◆ To do
Pictures aside, print all of the data below exactly as written.

◆ Supplied material
○ ○ ○ ○ ○ ○ ○
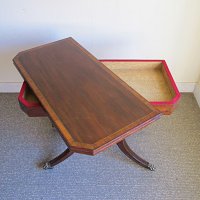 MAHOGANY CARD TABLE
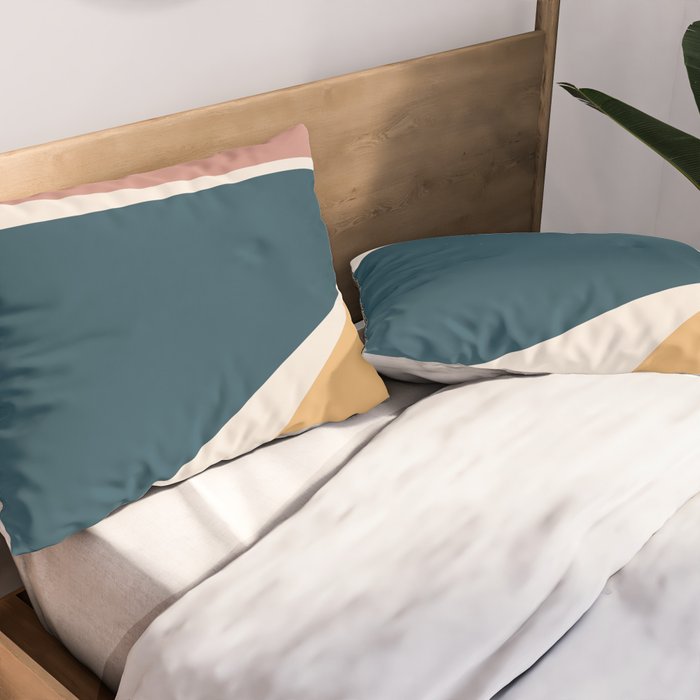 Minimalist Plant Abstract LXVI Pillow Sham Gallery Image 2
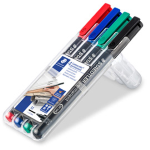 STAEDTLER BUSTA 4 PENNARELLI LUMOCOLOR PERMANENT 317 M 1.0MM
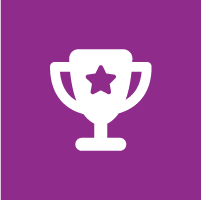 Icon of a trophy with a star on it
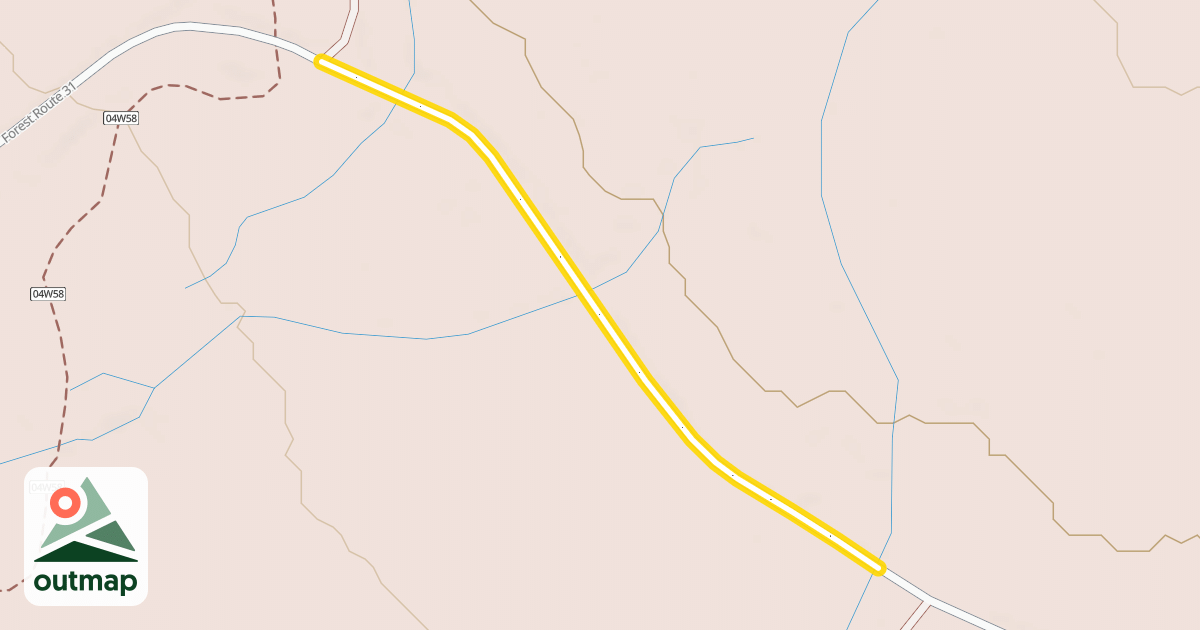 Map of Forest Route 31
○ ○ ○ ○ ○ ○ ○
◆ Written response
 MAHOGANY CARD TABLE
 Minimalist Plant Abstract LXVI Pillow Sham Gallery Image 2
 STAEDTLER BUSTA 4 PENNARELLI LUMOCOLOR PERMANENT 317 M 1.0MM
 Icon of a trophy with a star on it
 Map of Forest Route 31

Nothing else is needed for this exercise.